Policy and Regulation News

CMS Adds Flexibility to Medicare Part D Formulary Strategies

A memo from CMS encourages Medicare Part D sponsors to adopt flexible strategies for utilization management and formulary decision-making.

CMS encourages Medicare Part D sponsors to develop flexibly formulary designs

Source: Thinkstock

By Thomas Beaton

- CMS is encouraging Medicare Part D health plans to adopt new formulary design strategies that are geared towards lowering drug prices and improving consumer choice.

A memo from the agency highlights a major upcoming change to the formulary process that will allow payers to use indication-based formulary design.

Part D’s current formulary method requires payers to include all related FDA-approved drugs into a treatment formulary for a single condition.

However, an indication-based formulary design allows Part D health plans to develop formularies that include specific prescription drugs to treat individual conditions. Plans will be able to switch to the new method in 2020.

CMS believes that indication-based formulary design puts Part D health plans in a better position to negotiate drug prices with manufacturers, since plans can now choose individual medications to include in formularies.

“This action delivers on President Trump’s drug pricing blueprint by offering Medicare plans new tools to negotiate lower drug prices and offer patients better choices,” said HHS Secretary Alex Azar. “This is a significant step in modernizing the successful Medicare Part D program by giving plans the tools that serve patients well in the private sector.”

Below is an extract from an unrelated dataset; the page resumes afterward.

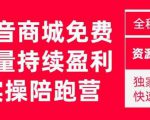 抖音商城搜索持续盈利陪跑成长营，抖音商城搜索从0-1、从1到10的全面解决方案-副业资源站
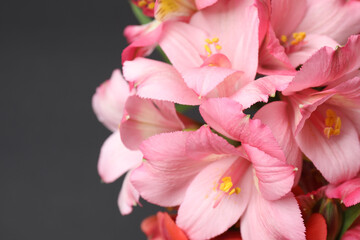 Obraz premium astromeria close-up on a black background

Under the new methodology, health plans must provide therapeutically similar drugs on a formulary for the drug’s non-covered indications.

“For example, if a tumor necrosis factor (TNF) blocker is FDA-approved for both Crohn’s disease and plaque psoriasis, but the Part D plan will include it on the formulary only for plaque psoriasis, the plan must ensure that there is another TNF blocker on formulary that will be covered for Crohn’s disease,” CMS explained.

Health plans also have to provide updates through official Annual Notice of Change (ANOC) and Evidence of Coverage (EOC) documents.

CMS will provide transparent updates about formulary changes on the Medicare Plan Finder site for consumers. These beneficiary protections are designed to ensure that indication-based formularies don’t inadvertently block members from receiving critical treatments.

The new changes to Part D formulary design align with HHS’s America’s Patients First initiative and other programs to reduce prescription drug spending within Medicare.